Geopolitische Hoffnung trifft auf fundamentale Realität
Während sich die Ölpreise zunächst stabil auf hohem Niveau hielten, gerieten Energieaktien spürbar unter Druck.Zum Wochenschluss verstärkte sich diese Bewegung: Im Zuge widersprüchlicher Nachrichten zur möglichen Öffnung der Straße von Hormus fiel der Ölpreis wieder deutlich unter 100 USD und belastete den Sektor zusätzlich.
Bei genauerer Betrachtung wirkt diese Marktreaktion inkonsistent. Fundamentale Daten deuten weiterhin auf eine angespannte Versorgungslage hin, während der Kapitalmarkt bereits eine nachhaltige Entspannung vorwegnimmt.

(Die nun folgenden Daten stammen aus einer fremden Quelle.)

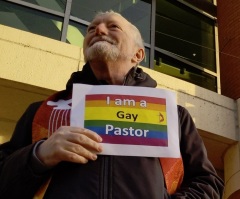 Gay UMC pastor to conduct same-sex weddings despite Traditional Plan passage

Hoffnung wird aktuell stärker gewichtet als reale Angebotsrisiken – strukturelle Probleme treten in den Hintergrund.
Portfolio-Update: Defensive Positionierung und Cash-Aufbau
Im Portfolio zeigte sich diese Entwicklung entsprechend. Der Aktienanteil liegt bei 59,8 %, die Cashquote wurde bewusst auf 40,2 % erhöht. Viele Positionen bewegten sich im Rahmen des Ampelsystems nahe relevanter Stop Loss Bereiche.
Unter Druck standen vor allem große Öl- und LNG-Werte wie Chevron, Cheniere Energy, Equinor, Exxon Mobil sowie Occidental und ConocoPhillips. Uranium Energy tendierte ebenfalls schwächer. Stabiler präsentierten sich die Servicewerte, die sich dem Abwärtstrend teilweise entziehen konnten.
Die UMBRELLA Strategie blieb in diesem Umfeld bewusst abwartend positioniert. Die erhöhte Cashquote reflektiert diese Haltung und schützt davor, dass aus unserer Sicht irrationale Marktbewegungen voll im Portfolio durchschlagen.
Solange der Markt Hoffnung stärker einpreist als reale Risiken, bleibt unser Fokus unverändert: Risiken kontrollieren, Liquidität sichern und auf klarere Signale warten.